How To Get Rid of Lawn Grubs
There is nothing more attractive than a perfect, well-trimmed lawn. Homeowners invest on making their lawn clean and green. But there are times when brown grass replaces those green grasses. If you have been noticing that your lawn are becoming brown and dried up, then there might be lawn grubs living and feeding on it.
Lawn grubs may refer to larvae of brown moth or Japanese beetle. They are also called armyworms because they overtake a lawn just like one army attacking its opponents in a battlefield: section by section. The typical indication that your lawn is infested by lawn grubs is when you start to see spots of your green grasses turn into brown, dehydrated and delicate turfs. Frequent visits from skunks and raccoons may also be a sign that you have lawn grubs since these animals feed on these insects.

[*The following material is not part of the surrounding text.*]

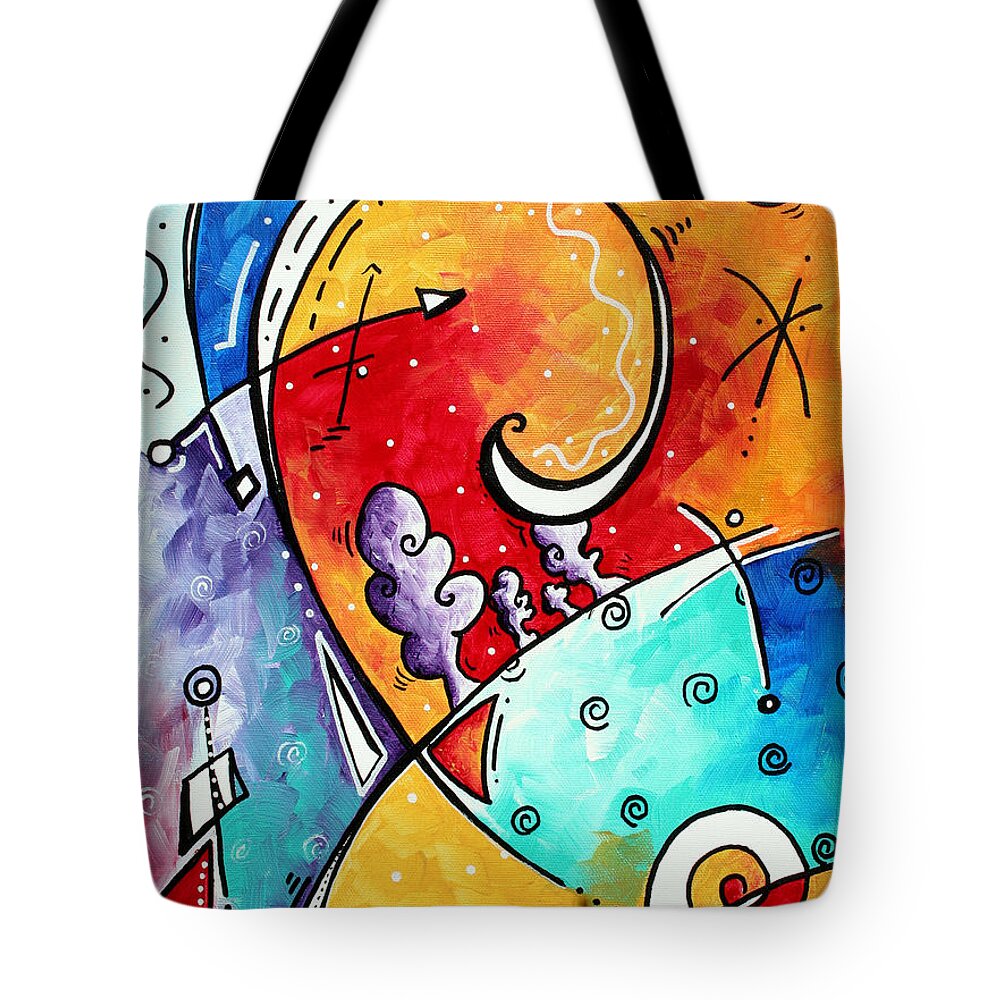 Original Tote Bag featuring the painting Tickle My Fancy Original Whimsical Painting by Megan Duncanson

Once lawn grubs start their business, they will continue unless you stop them. So even if your lawn is showing only the first signs of lawn grubs infestation, you might as well start to take actions before it’s too late. Here are some things you can do to get rid of lawn grubs.
Do some inspection
Before you declare lawn grubs as your enemies, you should do some inspection first. Go to your lawn and look closer at those brown spots. If you have misdiagnosed the problem and you started spraying or your lawn, you will just end up with dead grasses. So before you do things for lawn grubs removal, make sure first that the cause of your lawn problem is really a batch of lawn grubs.
Stop trimming your lawn
For some time, it might be good to stop mowing your lawn or at least, keep the grass more than two inches high. Moths and beetles are most likely not going to multiply in areas with long grasses so monitor the growth of your foliage.
Add more grass
Aside from long grasses, lawn grubs do not also like thick, grassy lawn so it may be helpful to over-seed. It is best to grow more grassed during the spring to prevent lawn grubs from visiting your lawn come rainy season.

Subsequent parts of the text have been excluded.